Field tax for sports remains |

Field tax for sports remains

Robert Stern

The player tax for the Community Athletic Coordinating Council will remain $7 this season, it was decided Tuesday.

A longtime problem of too many athletes and not enough ball fields led to the additional player fee which began at $2 in 1992. The fee helps pay for field improvements and maintenance.

The city of South Lake Tahoe and Lake Tahoe Unified School District officials say the CACC and its player fees are necessary because the two agencies are unable to pay for the entire cost of maintenance.

“Without these extra funds from the CACC, it would make it real difficult to maintain the fields,” said Steve Weiss, park and recreation superintendent and the city’s CACC representative.

The CACC, which collects the fees from each player for each sport, approved keeping the fee at $7. The fee passed with an overwhelming majority, but it was not unanimous.

During the meeting to approve fees, some were hoping for a fee reduction because the CACC has $48,000 in its bank account.

“We were hoping for a lesser fee until funds get used and then raise the fees,” said Dave Olivo, the CACC boardmember who represents the American Youth Soccer Organization.

Last year the CACC spent $8,300 on maintenance. Last year all the leagues, which include soccer, football, softball and others, including adult athletic leagues, had 2,364 participants. This means $3.50 per player went to maintenance fees last year.

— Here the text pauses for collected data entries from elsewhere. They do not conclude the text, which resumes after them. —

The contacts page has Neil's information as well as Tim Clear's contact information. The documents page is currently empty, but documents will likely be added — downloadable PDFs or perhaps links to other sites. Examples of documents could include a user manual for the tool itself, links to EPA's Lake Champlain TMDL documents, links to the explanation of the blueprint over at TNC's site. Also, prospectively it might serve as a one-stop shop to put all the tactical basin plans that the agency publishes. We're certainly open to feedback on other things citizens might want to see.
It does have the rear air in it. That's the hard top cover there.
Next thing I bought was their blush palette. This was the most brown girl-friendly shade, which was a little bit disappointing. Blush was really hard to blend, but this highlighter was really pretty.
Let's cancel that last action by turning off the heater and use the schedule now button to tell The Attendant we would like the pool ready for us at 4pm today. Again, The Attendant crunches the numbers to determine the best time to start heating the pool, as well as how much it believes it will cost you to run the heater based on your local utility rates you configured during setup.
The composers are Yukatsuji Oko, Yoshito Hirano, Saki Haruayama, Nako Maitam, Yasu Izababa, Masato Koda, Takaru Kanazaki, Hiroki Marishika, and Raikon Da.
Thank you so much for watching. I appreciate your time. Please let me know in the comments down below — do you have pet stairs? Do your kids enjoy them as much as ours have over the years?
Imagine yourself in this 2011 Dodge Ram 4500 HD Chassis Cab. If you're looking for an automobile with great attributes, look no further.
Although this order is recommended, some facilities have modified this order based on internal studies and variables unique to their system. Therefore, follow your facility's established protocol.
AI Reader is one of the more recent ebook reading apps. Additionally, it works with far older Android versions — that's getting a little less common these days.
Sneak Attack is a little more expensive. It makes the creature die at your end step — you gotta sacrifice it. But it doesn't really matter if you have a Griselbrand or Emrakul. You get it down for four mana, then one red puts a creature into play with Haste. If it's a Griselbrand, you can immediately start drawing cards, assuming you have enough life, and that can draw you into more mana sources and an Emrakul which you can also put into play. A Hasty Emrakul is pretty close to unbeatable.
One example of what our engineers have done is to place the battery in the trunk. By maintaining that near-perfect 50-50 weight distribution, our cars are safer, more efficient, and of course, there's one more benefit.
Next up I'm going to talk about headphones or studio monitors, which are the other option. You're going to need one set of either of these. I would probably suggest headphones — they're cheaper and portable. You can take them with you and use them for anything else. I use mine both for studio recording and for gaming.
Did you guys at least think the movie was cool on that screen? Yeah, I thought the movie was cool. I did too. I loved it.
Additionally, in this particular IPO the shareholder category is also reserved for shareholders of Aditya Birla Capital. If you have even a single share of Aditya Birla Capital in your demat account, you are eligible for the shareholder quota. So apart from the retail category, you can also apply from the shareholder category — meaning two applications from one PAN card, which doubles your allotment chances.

The rest of the money was either spent on projects or put in the bank.

“I feel that there is a need for the CACC,” said Jerry Weldy, president of Little League. “I do have concerns that there is no master plan for the money. I think the fees could be more in line with the actual usage of the money.”

Bruce Brown, the council representative for Little League, was concerned because there are unfinished projects on the list from last year and the council is also adding new projects.

“Am I going to tell you (Steve Morales, maintenance and facilities director for the school district) and I are going to get all these projects done?” Weiss said. “No, but we’re going to give it our best shot.”

Weiss also said that he is hoping to use additional funds to put artificial turf on one of the fields proposed by Measure S, which would eliminate the need for maintenance.

“We’ve been saving so we can do bigger and better things, so we need a lot of funds,” Weiss said.

This year the coordinating council estimates to collect $17,200 in fees.

Between 1992 and 2000 the CACC has collected $207,201 to help pay for maintenance. Of those funds $145,127 have been spent on the two “Field of Dreams” at the South Tahoe High School, a project Weiss said is what prompted the fees. But, after nine years only one of those fields is operational because of drainage problems. The second Field of Dreams, however, is expected to be ready by Aug. 6, Weiss said.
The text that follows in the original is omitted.